I have to thank Karen for taking the time to answer my questions. I wish you all the success in the world with sharing Charlie's amazing life! 


  1. Hi, Robyn.
    That was a very interesting interview and a promising book. I have never read Western but reading about a woman, pretending to be a man and fighting, and love. It sounds like a good start. :)
    Plus I love it's based on a true stroy.
    I will add this book to my TBR.

    Thanks for sharing.

    Have a great week and an amazing month.

    1. I actually thought of you when after I finished reading this because there is real heartache and loss and I remember the "guilty pleasures" Feature and Follow where most people chose erotica and you chose characters dying. That was so funny. I think Kaykay was right there in your camp. I hope you're settling back home nicely. I'm still unpacking, but I plan to make September rock! Have a great week, Athina!

  2. Great Interview Robyn, westerns aren't really my thing, but then again neither was historical romances untill recently might give it a go.

    1. Right, you recently picked up historical romances. There is definitely romance in this one. That and the thrill of driving the horses were some of my favorite aspects. Thanks for stopping by, Jodie!

  3. Hi Robyn,
    Thank you so much for your beautifully written review of The Whip... and the invitation to do the interview with you~
    I noticed in the comments above that the readers don't enjoy 'westerns.' Frankly, neither do I...The book takes place in the 'old west' but the river that runs through the book is really about 'forgiveness' and how a lone woman survived all the losses of her life...survived and thrived.

    Karen (Kondazian)

    1. The adventure and heartache made me forget that I'd never read an Old West story. The Whip was far outside my norm, and I'm so glad I took the leap. I also realized how often I write off books because they fall outside my comfort zone. I hope to see The Whip on the big screen one day, Karen.

  4. I'm so happy you were able to interview Karen, Robyn. I know what an impact this book made on you and how much you loved it. :) It's definitely something I, and my kids, would like to read. I really enjoyed the interview as well.

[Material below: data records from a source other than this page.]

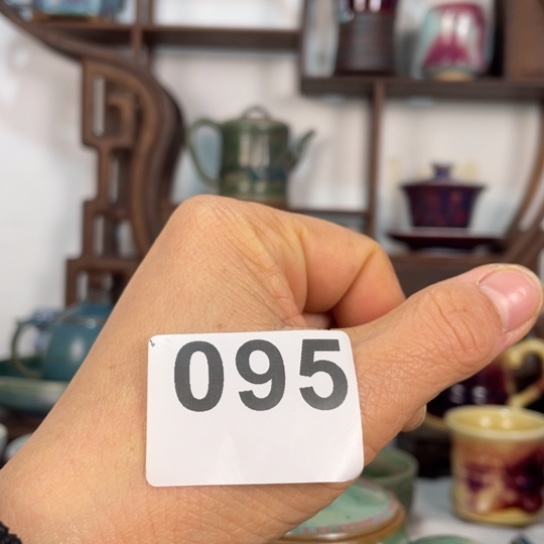 神垕钧瓷茶器高*神垕钧瓷茶器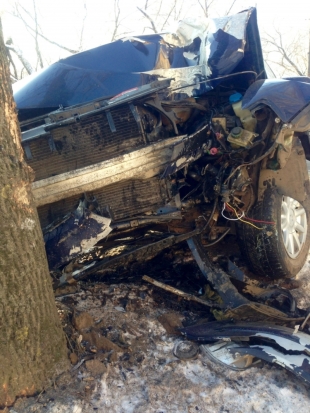 Усиление ответственности водителей за нарушение ПДД поможет снизить аварийность - итоги опроса в регионах - 2019-02-22 08:48:00 - 1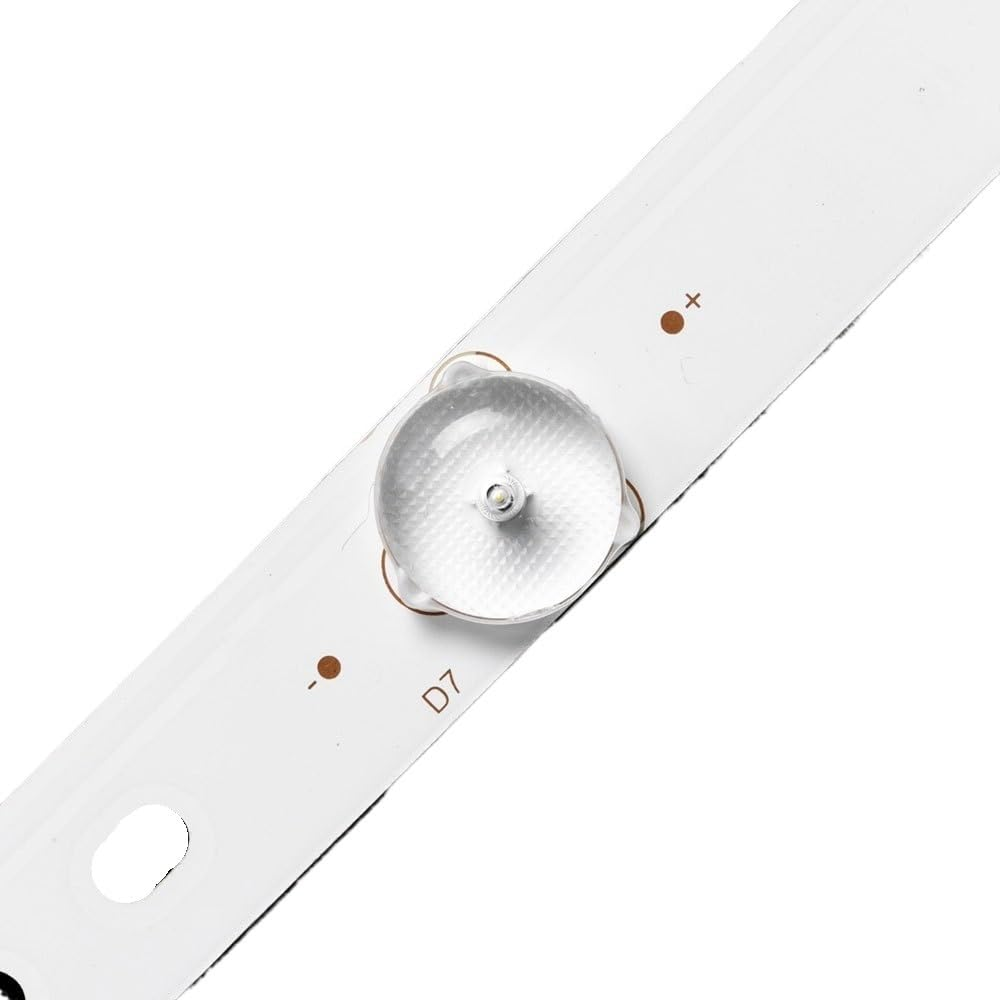 ZJSCNBE Fit for Flying Song 40-Inch TV Light Bar CJ 1.30.1.80901704R LCD TV Backlight Light Bar image number 1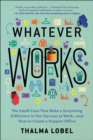 Whatever Works - eBook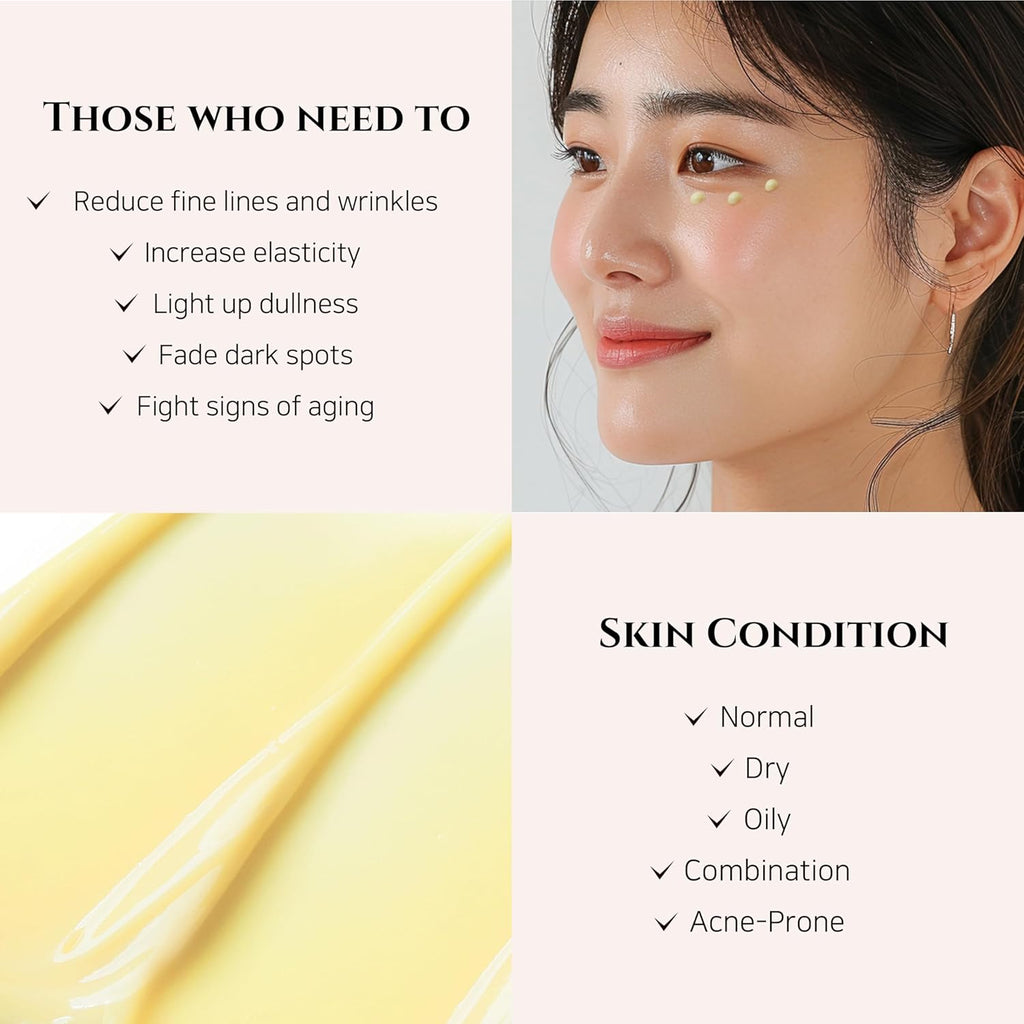 Beauty of Joseon Revive Eye Serum 30 ml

Karen seems to have quite a personality. :) I especially liked her answer about every problem having a gift in hand, and that we create the problem because we need the gift. Quite a positive way to look at life! Love it! Thanks for sharing this!

    1. I smiled the whole way through Karen's answers. Sometimes I wonder what character I would be in these gripping stories. I should mention there is abuse, racist driven violence, and sex. I even covered my eyes a couple times, which proves a bit less effective for books than movies. Hmmm. But Charley's strength is amazing! I'm finally responsible for adding book to your TBR list! Ha!!

  5. "Yes, I now have to get out of the bad behavior of going to sleep at five in the morning. This is because the six-years and twenty-seven drafts it took to write the book got me into the habit of writing ‘til dawn."

    This is a great interview, Robyn. It's fun, inspiring, as well as educating. I already added the book to my TBR. The idea of a woman pretending to be a man is interesting, and character's dying (LOL), I know I'll enjoy it.

    Thanks for sharing. How are you doing?

    1. Haha! You and Athina certainly have a morbid streak. I know you can write a bad guy I hate and still can't wait for more from him. The Beach Man is plain scary and still ... not exactly charming, what's the word? Captivating! This book wasn't my norm, no vamps zipped in and out of the scenes, but Charley is one amazing character.

      I'm still unpacking and searching for things I didn't label. I was in the middle of a book I can't find. Grrh. I don't have a writing space yet, but I'm sleeping and for me everything else will fall in line after that. Are you gearing up to move?